Why I Believe We Are Entering a Data Science Bubble in Brazil
2020 Feb 12TL;DR: Make a rational and pragmatic assessment based on facts and market information before choosing a career change or even investment alternatives in Data Science & Machine Learning qualifications.
I know that today what I am saying might seem counterintuitive, at the same time that we have companies announcing they will hire 100 data scientists in a single year (even without any solid justification as to why and especially the expected return on these hires), or when the search volume for “data science” increases by more than 50% in less than 3 years, or in a simple search we can find more than 1,500 available jobs on LinkedIn.
Of course, my opinion is not the most popular currently, but what I see today are the same patterns of past technology bubbles in Brazil.
Who doesn’t remember the Microsoft Certifications bubble? (Does anyone remember the ill-famed SQL Server Maestro program?)
Or the Oracle certifications bubble?
The courses of the winning double PHP and MySQL that promised the highest salaries in the market?
Or the promises of the El Dorado of salaries and employability as a Web Designer with Corel Draw, Dreamweaver, and Flash courses?
And the ITIL, COBIT, TOGAF, or BABOK framework courses that promised us wonderful positions just by managing business processes? (When many universities and equally shady short courses, instead of teaching the basics of code, threw an entire generation of college students into “management” frameworks, while some of them cannot manage even their own financial lives).
Everything I am going to put here concerns the supply side of data scientists, and not the demand itself (i.e. this deserves a special post, but in practice very few companies know what they are hiring and there are people hiring only for signaling).

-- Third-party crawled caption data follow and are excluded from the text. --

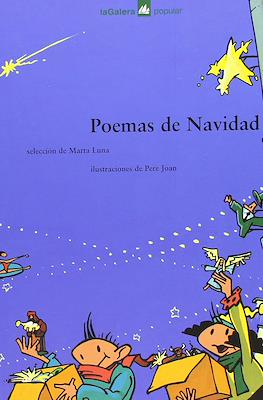 Poemas de Navidad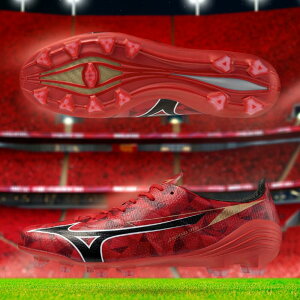 mizuno P1GA256060 MIZUNO  II JAPAN ~YmAt@2 Wp [~YmETbJ[XpCNEGWjA[htBbgE[uvEAXe[V胂fEALPHAEKaRVOEJ[{f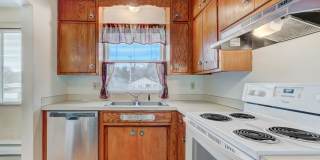 1344 Saint Paul AvenueApt 17 Gallery 4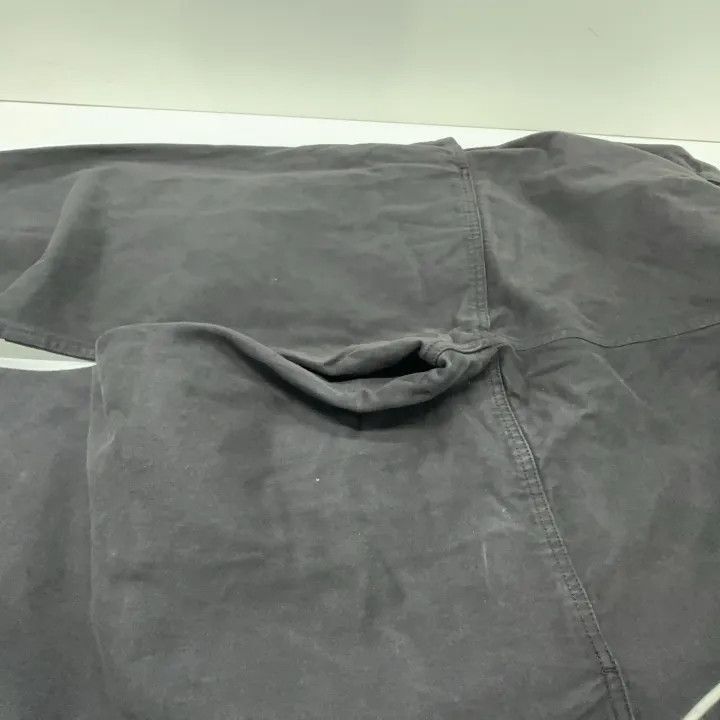 Balenciaga Balenciaga YEEZY x Gap x Balenciaga Casual Pants -2507 Size US 34 / EU 50 - 9 Thumbnail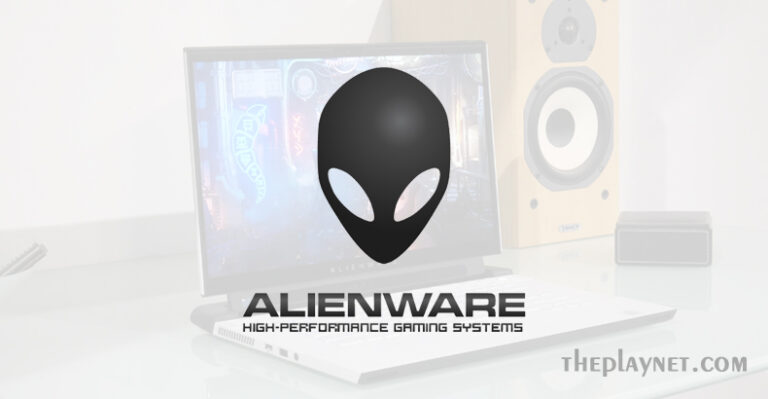 Group Liquid broadens long haul association with Alienware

Thus, this post will be much more focused on career management than on a market portrait.
Far from being any kind of coach or something similar, my goal will be to invite the reader to reflect on some aspects that I judge as important according to some observations I have made in the market as a whole empirically.
Some aspects that signal that perhaps we are in a Data Science and Machine Learning bubble in my view are:
1) The Return on Investment (ROI) in a DS education in relation to salaries does not pay off: I will remove from this analysis MOOCs and sensational courses like Fast.ai by Jeremy Howard for a very simple reason: We in Brazil love a diploma and our educational system was shaped in a way that does not promote self-didacticism, but promotes a model based on tutoring where the teacher is not a facilitator but is the one responsible and guardian of the knowledge itself. What I mean is that this ROI analysis is valid exclusively for post-graduate and extension courses. I did a little research on some courses and there are some educations that cost more than R$ 30,000. Nothing against the value itself, however, let’s say the expected return on this investment is 4 years. That’s R$ 625/month for 4 years. In other words: from the day the course ends, our recent graduate already needs a raise of just over R$ 600 just to break even in relation to their education. Ah, and of course besides the opportunity cost of time (e.g. class time, commuting, meals, etc.) and the opportunity cost of money (e.g. using that money in some investment, stock fund, etc.). In view of a brutal recession that we had in recent years (and with income practically stagnant) I would consider very carefully an investment decision (or debt) of this size without a return perspective of at least 2 years.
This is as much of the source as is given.